| HN Mirror

Y	Hacker News new \| ask \| show \| jobs


	by lukegb 4089 days ago
	Inspired by https://twitter.com/garybernhardt/status/600783770925420546

2 comments

mosselman 4089 days ago

Can someone explain in a bit more detail what this is about? Is the 'joke' that running data computation in RAM is faster than what? From disk?

link

JonnieCache 4089 days ago

The subtext is that running a fancy distributed system is more exciting and beneficial for ones resume than simply buying a massive bloody server and putting postgres on it, and that people are making tech decisions on this basis.

link

Anderkent 4089 days ago

This of course ignores that it's much easier to get your hands on a cluster of average machines than one massive bloody server, and all the non-performance-oriented benefits of running a cluster (availability etc.).

Much easier to request a client provisions 20 of their standard machines, or get them from AWS. People don't like custom hardware, and for good reason.

link

RogerL 4089 days ago

Yes. Just yesterday in some other story everyone was arguing for the cloud because who wants to maintain their own hardware? This morning the hue and cry is "slap more RAN in that puppy".

I just speced out a 6TB Dell server. Price? It is already at $600K, and I haven't fully speced it out yet (just processor, memory, drive). Maybe that memory requirement is high (though it is about what I would need); 1TB is somewhat over $200K.

For the right situation that sort of thing maybe makes sense, though I'm SOL if I need high availability (power out, internet flakey, RAM chip goes bad, etc leaves me dead in the water).

So I would need to stand up a million or more in equipment in several places, or just use AWS and suffer the scorn of someone saying 'you could have put that in RAM'. Yes. Yes I could have.

link

vidarh 4089 days ago

> everyone was arguing for the cloud because who wants to maintain their own hardware?

Well, I keep arguing against that, because you still get 90%+ of the maintenance work, plus some new maintenance work you didn't have before, to avoid some some relatively minor hardware maintenance. And you can get most of the benefits of non-cloud deployment with managed hosting where you never have to touch the hardware yourself.

I work both on "cloud only" setups and on physical hardware sitting in racks I manage, and you know what?

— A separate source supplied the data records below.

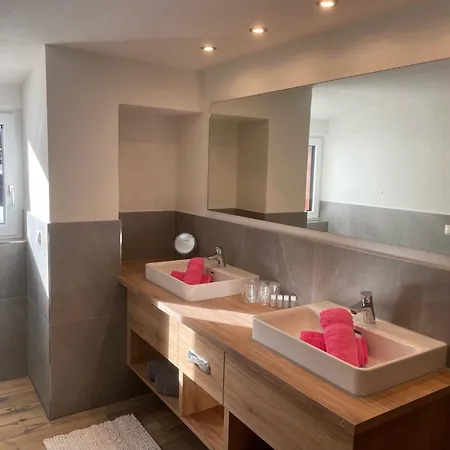 Das Apartment Rief Daheim Beim Wanderprofi Adults Only *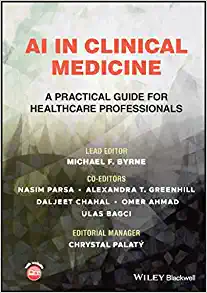 AI in Clinical Medicine: A Practical Guide for Healthcare Professionals (PDF)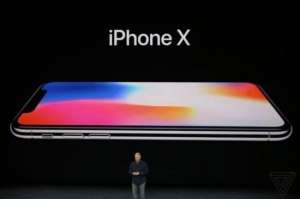 手機電池不耐用？蘋果iPhone X Plus電池將加大
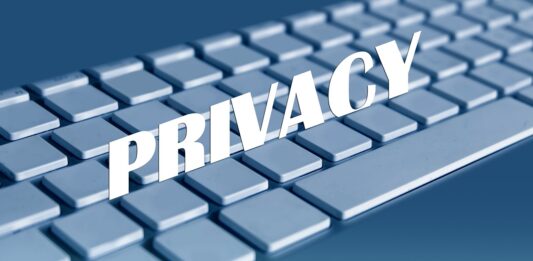 Why Data Masking is Essential for Complying with Privacy Regulations keyboard, privacy, computer keyboard
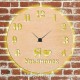 Часы с подсветкой «Ульяновск №419»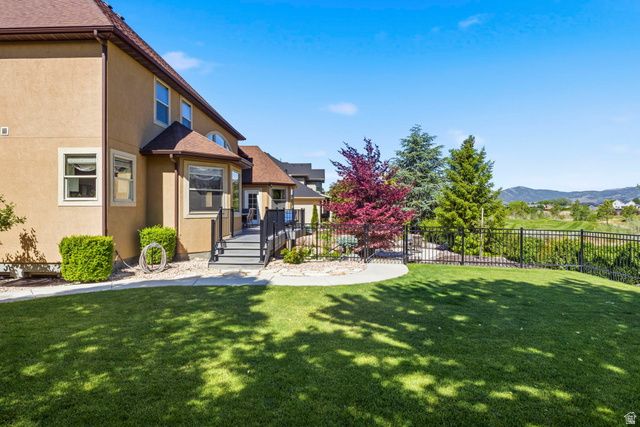 4518 W CADDIE LANE, Highland, UT 84003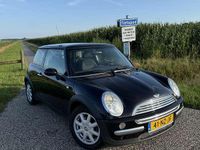 Occasion Mini Cooper Pepper 116 PK (85 kW) 2004 Hatchback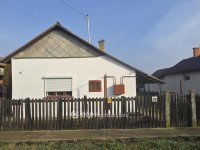 Eladó családi ház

The operational effort for the cloud setup is far higher even considering it costs me 1.5 hours in just travel time (combined both ways) every time I need to visit the data centre.

For starters, while servers fail and require manual maintenance, those failures are rare compared to the litany of issues I have to protect against in cloud setups because they happen often enough to be a problem. (The majority of the servers I deal with have uptimes in the multi-year range; average server failure rate is low enough that maintenance cost per server is in the single digit percentage of server and hosting costs). Secondly I have to fight against all kind of design issues with the specific cloud providers that are often sub-optimal and require extra effort (e.g. I lose flexibility to pick the best hardware configurations).

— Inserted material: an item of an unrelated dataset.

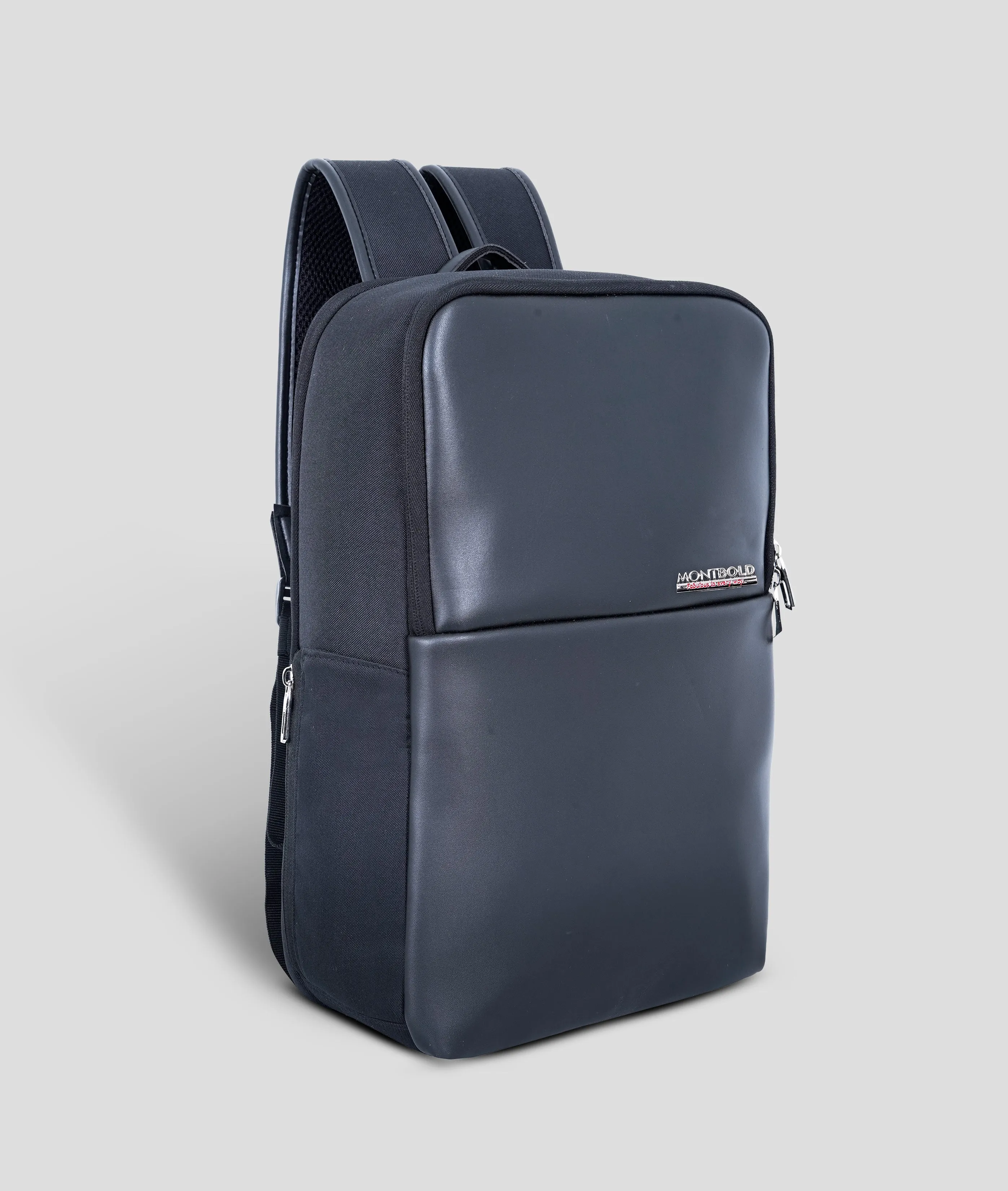 Casual Minimalist Unisex Backpack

Cloud services have their place, but far too many people just assumes they're going to be cheaper, and proceed to spend three times as much what it'd cost them to just buy or lease some hardware, or rent managed hosting services.

Even if you don't want to maintain your own hardware, AWS is almost never cost effective if you keep instances alive more than 6-8 hours of the day in general. Your mileage may wary, of course.

link

collyw 4088 days ago

"The cloud" is basically a new non standard OS to learn.

I am reasonably happy configuring an old school Linux box. Heroku is much more of a pain in the arse to deploy to in my experience, despite much of the work being done for you already. Debugging deployment issues is particularly painful.

link

jules 4089 days ago

Depends on what you mean by massive bloody server. You can get a server with a terabyte of RAM for a price that's insignificant compared to the cost developing software to run on a cluster.

link

aliakhtar 4089 days ago

> You can get a server with a terabyte of RAM for a price that's insignificant compared to the cost developing software to run on a cluster.

This assumes that a) You're in the valley where average developer salary is $10k a month or more, b) You're a large company paying developers that salary.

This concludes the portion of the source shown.